THE South African Reserve Bank has not received any official communication from Zimbabwean authorities for the adoption of the South African rand as the main unit of trade, Jabulani Sikhakhane, the divisional head of communications at the Bank, has said.
A severe US dollar shortage in Zimbabwe has persisted for more than a year and has forced banks to impose daily withdrawal limits of about $50. The use of international bank cards outside the country has also been suspended by some banks, such as Standard Chartered.
“Bond notes”, which authorities introduced in November last year as a stop-gap measure to plug in cash shortages, are also now in short supply.
Banks have become increasingly reliant on issuing bond notes to depositors. Banking industry players say the bond notes have found their way into neighbouring countries SA, Botswana and Mozambique, where there is a large presence of cross-border traders.
Barclays Bank Zimbabwe managing director George Guvamatanga told delegates at a financial markets conference in Johannesburg in May that ‘there could be more bond notes in Park Station in SA, Botswana, Zambia and Mozambique than we have here in Zimbabwe.’
Captains of industry and commerce in Zimbabwe have also been piling pressure on the government to use the rand, rather than the US dollar, a move they argue is sensible given the close trade ties between the two countries.
Denford Mutashu, president of the Confederation of Zimbabwe Retailers, said the rand’s adoption by industry was premised on the two critical challenges it faced: ‘To improve the ease of doing business, and the shortage of foreign currency that is hampering payment of raw materials from external suppliers.’
South Africa accounts for nearly 70 percent of Zimbabwe’s imports and a large group of South African companies have operations in Zimbabwe, including South African Airways, Pick n Pay, Sanlam and Old Mutual.
The Reserve Bank remains open to the adoption of the rand by its northern neighbour. Sikhakhane said Zimbabwe could formally adopt the rand by joining the Common Monetary Area, which comprises SA, Lesotho, Namibia and Swaziland. ‘In this case, Zimbabwe would be required to sign the Multi-lateral Monetary Agreement (MMA) that stipulates the conditions that would have to be fulfilled by Common Monetary Area countries,’ he told the Johannesburg Business Day newspaper.
Some of the contractual conditions include holding regular consultations to facilitate and ensure continued compliance with the MMA, and reconciling different interests in the formulation and implementation of monetary and foreign exchange policies for the Common Monetary Area. There would also be no restrictions on the transfer of funds, whether for current or capital purposes, between the areas of the contracting parties.
The rand already serves as legal tender and is widely used and accepted in the participating countries. Under the terms of the MMA, the other member states are entitled to issue their own national currency.

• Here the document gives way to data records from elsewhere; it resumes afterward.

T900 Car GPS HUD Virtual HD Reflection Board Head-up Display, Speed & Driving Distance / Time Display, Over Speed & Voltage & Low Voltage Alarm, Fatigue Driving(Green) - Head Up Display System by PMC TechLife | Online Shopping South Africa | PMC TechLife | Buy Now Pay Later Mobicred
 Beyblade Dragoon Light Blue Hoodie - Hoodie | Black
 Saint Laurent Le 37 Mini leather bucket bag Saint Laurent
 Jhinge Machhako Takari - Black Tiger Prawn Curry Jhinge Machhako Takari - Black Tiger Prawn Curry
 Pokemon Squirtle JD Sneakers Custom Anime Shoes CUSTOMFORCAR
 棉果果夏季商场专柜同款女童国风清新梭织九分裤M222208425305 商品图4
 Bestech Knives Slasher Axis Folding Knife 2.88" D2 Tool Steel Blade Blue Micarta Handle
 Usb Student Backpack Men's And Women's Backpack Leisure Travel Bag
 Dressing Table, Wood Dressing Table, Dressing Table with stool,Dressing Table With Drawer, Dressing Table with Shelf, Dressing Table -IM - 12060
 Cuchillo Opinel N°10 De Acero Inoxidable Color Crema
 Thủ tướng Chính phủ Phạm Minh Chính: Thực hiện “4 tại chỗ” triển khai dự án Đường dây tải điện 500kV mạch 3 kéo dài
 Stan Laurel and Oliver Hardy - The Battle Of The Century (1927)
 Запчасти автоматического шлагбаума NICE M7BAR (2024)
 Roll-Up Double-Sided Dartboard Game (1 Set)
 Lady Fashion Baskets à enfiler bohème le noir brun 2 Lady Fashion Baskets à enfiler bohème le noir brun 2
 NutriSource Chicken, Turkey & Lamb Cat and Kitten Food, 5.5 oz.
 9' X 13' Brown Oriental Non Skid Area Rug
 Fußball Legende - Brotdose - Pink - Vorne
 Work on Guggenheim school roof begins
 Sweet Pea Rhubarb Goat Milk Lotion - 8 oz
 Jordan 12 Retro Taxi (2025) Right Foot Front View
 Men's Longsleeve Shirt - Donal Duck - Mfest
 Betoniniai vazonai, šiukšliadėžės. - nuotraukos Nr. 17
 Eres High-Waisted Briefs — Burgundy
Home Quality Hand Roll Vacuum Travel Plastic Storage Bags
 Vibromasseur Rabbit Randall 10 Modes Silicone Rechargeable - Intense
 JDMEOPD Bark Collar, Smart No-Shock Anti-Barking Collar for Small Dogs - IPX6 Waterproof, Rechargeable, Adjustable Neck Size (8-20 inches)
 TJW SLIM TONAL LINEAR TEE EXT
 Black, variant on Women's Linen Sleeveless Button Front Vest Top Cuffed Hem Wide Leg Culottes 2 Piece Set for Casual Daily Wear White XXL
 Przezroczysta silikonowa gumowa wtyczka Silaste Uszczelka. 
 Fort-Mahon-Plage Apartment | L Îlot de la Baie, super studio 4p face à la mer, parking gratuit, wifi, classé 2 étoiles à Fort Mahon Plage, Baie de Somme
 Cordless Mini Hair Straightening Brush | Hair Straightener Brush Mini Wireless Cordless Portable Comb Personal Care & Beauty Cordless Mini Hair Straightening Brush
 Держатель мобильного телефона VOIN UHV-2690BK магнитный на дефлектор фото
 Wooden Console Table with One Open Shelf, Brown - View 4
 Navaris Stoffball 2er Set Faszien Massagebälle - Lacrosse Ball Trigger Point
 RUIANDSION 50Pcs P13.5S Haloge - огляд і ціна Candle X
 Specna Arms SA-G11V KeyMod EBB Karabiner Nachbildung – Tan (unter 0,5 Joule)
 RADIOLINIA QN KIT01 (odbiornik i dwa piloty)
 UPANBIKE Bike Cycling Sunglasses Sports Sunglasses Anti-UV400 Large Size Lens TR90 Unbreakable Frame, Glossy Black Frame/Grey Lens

An advantage, Sikhakhane pointed out, is that Zimbabwe already has the rand in circulation. ‘This can continue, and as banknotes in circulation become worn out in Zimbabwe, they can, as other neighbouring countries do, send the worn out banknotes to SA for replacement.’
However, Davison Norupiri, president of the Zimbabwe National Chamber of Commerce, said there would be limited impact by the formal adoption of the rand by Zimbabwe. ‘Our problem is not on the currency we use, but on sorting [out] the fundamental economic issues, such as increasing our exports, attracting foreign direct investment and getting lines of credit from the International Monetary Fund,’ he said. ‘As the [Chamber] we are not for [rand adoption]. The rand is not our local currency and, in any case, we can’t get it for free … we need US dollars to buy the rand.’